La qualità-couture della linea pret-à-porter di Valentino, già visibile nelle ultime collezioni, è stata esplicitata in modo evidente lo scorso week end, a Parigi, durante lo show dedicato alle primavera-estate 2022 che, non fosse stato per la pioggia già autunnale, si sarebbe dovuto tenere quasi interamente all’aperto, lungo la rue Eugène Spuller (che era l’avvocato della Commune del 1870, guarda il caso), con gli ospiti seduti ai tavolini dei bistrot a sorbire aperitivi e caffè come normali avventori, fra il passaggio della gente. Il solito, mutevole clima continentale ha avuto la meglio, per cui i tavolini sono stati portati all’interno del Carreau du Temple.
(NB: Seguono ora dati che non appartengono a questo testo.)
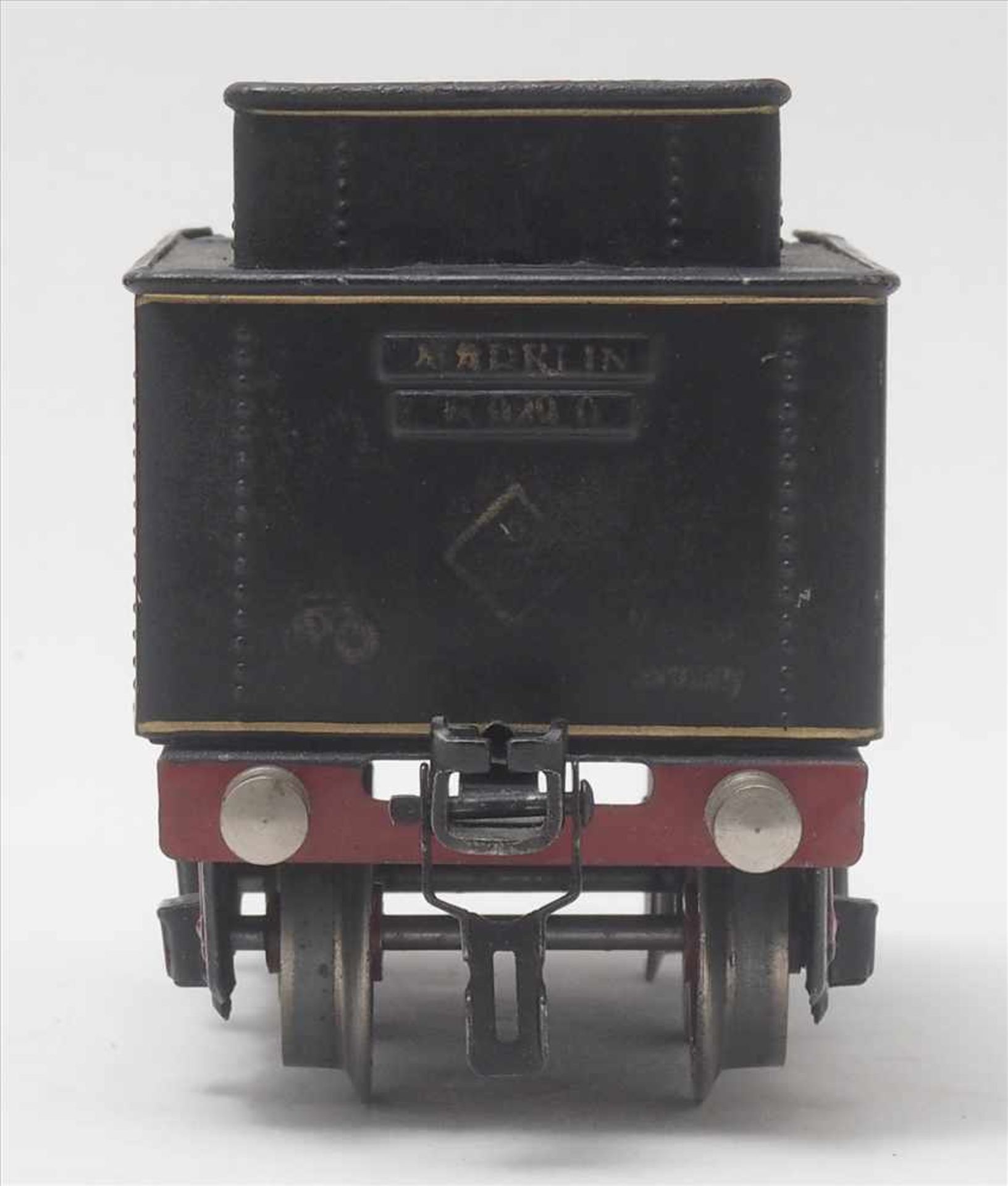 Märklin DampflokSpur 0, 1930-er Jahre. Elektroantrieb. Achsfolge 2B. E70/12920 Dampflokomotive mit - Bild 9 aus 9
Fuori, per la gioia del passeggio locale, sono passate invece le modelle mentre, per cinque giorni, una serie di negozi adiacenti sono stati “risignificati”, come dicono in Valentino in derivazione diretta dal pensiero di Audre Lorde, con le linee di prodotto e la qualità dei servizi del brand: il take over si è prodotto sul salon de beauté con la nuova linea di cosmetica, mentre in uno spazio multi-funzionale è stata offerta la playlist tratta dal podcast “Are we on air”, interviste agli artisti comprese. Presso la boutique Rombaut si raccoglievano invece i pre-ordini della nuova linea di sneaker Open for a Change realizzata in materiali e packaging di riciclo, in uscita a fine anno (“non ne abbiamo fatto proclami, ma già nel 2013 Valentino aveva sottoscritto un programma con Greenpeace Detox Solution per eliminare i componenti chimici dannosi dalla nostra filiera; il secondo con Zero Deforestation Project per la protezione delle foreste pluviali: nel primo caso abbiamo raggiunto il 63 per cento degli obiettivi”).

   

Non mi è stato possibile restare a vedere che cosa succedesse nello spazio in cui si vendevano le felpe “(V) accinated” a scopi benefici, sulle quali si sono scatenati una decina di giorni fa i no vax mondiali. Qualcuno mi ha detto, però, che l’avrebbe acquistata volentieri, non fosse stato per i seicento euro circa di cartellino che, anche sapendo di aiutare l’Unicef, erano comunque una bella spesa. L’equilibrio fra il riposizionamento verso l’alto dell’offerta di Valentino, cioè il suo costo, e l’acquisizione di una clientela giovane attraverso lo spirito della community sarà la grande sfida del team guidato da Venturini con, diretti riporti ma anche creativi autonomi, il direttore creativo Pierpaolo Piccioli e il chief brand officer Alessio Vannetti. Questa tattica di fashion-seeding, di seminatura capillare, di discesa, letterale, della moda “per strada”, fa parte della strategia di “collocazione di Valentino dove è giusto e naturale che sia” nell’ottica iniziale della “maison” cioè di casa e di intimità.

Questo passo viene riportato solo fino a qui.